→ **Goal of the exercise**:
After finding the line with "KIT 6X LAVITAN" in the data below, set down exactly each line through the one with "MTE CORP RL-20002B14 690V 200A UNMP", inclusive, and stop there.

→ **Dataset excerpts**:
◇ ◇ ◇ ◇

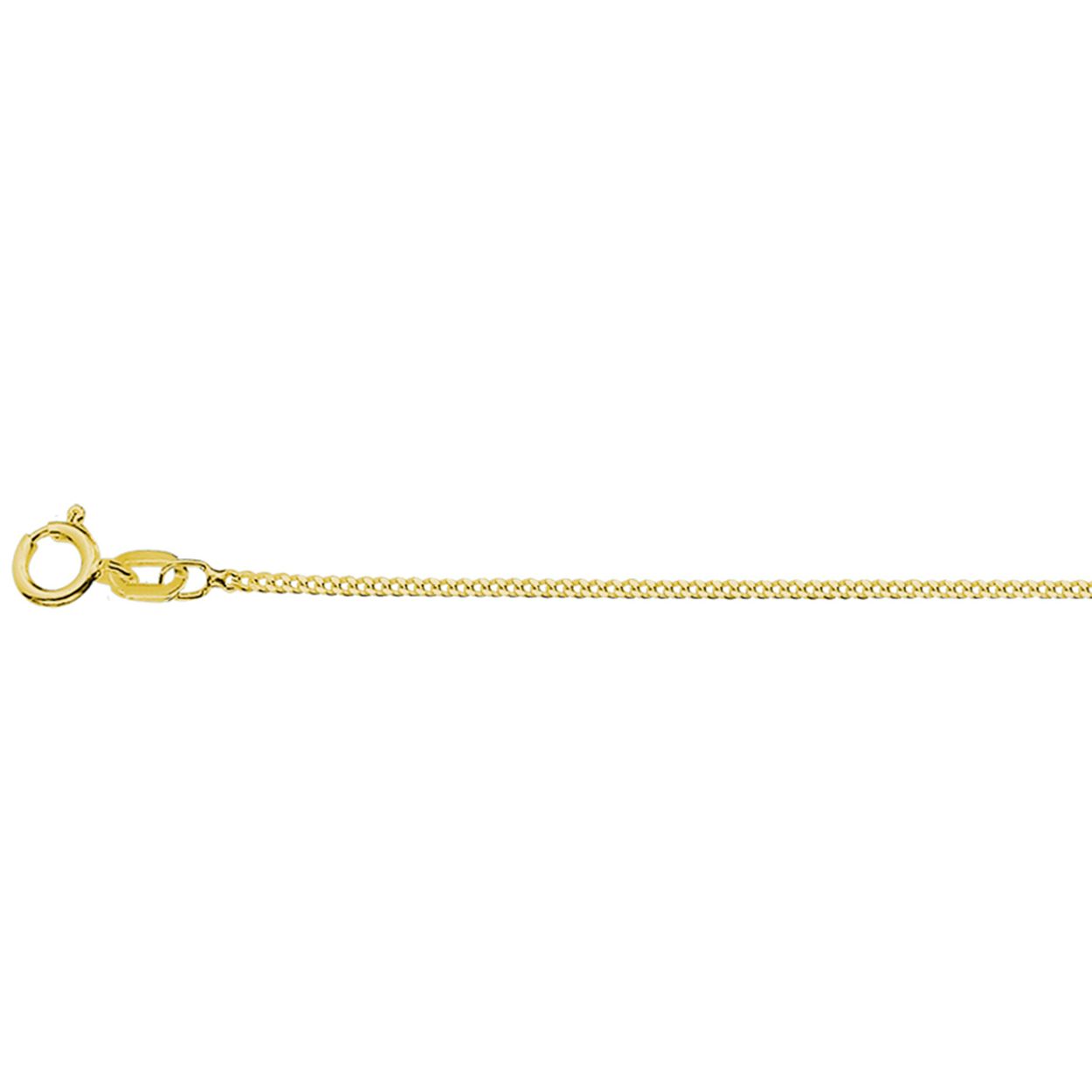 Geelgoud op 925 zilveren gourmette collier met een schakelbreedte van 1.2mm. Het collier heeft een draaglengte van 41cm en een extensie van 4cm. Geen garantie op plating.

◇ ◇ ◇ ◇

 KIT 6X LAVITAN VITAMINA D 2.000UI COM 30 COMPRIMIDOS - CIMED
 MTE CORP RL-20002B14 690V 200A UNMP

◇ ◇ ◇ ◇

→ **Result for this task**:
 KIT 6X LAVITAN VITAMINA D 2.000UI COM 30 COMPRIMIDOS - CIMED
 MTE CORP RL-20002B14 690V 200A UNMP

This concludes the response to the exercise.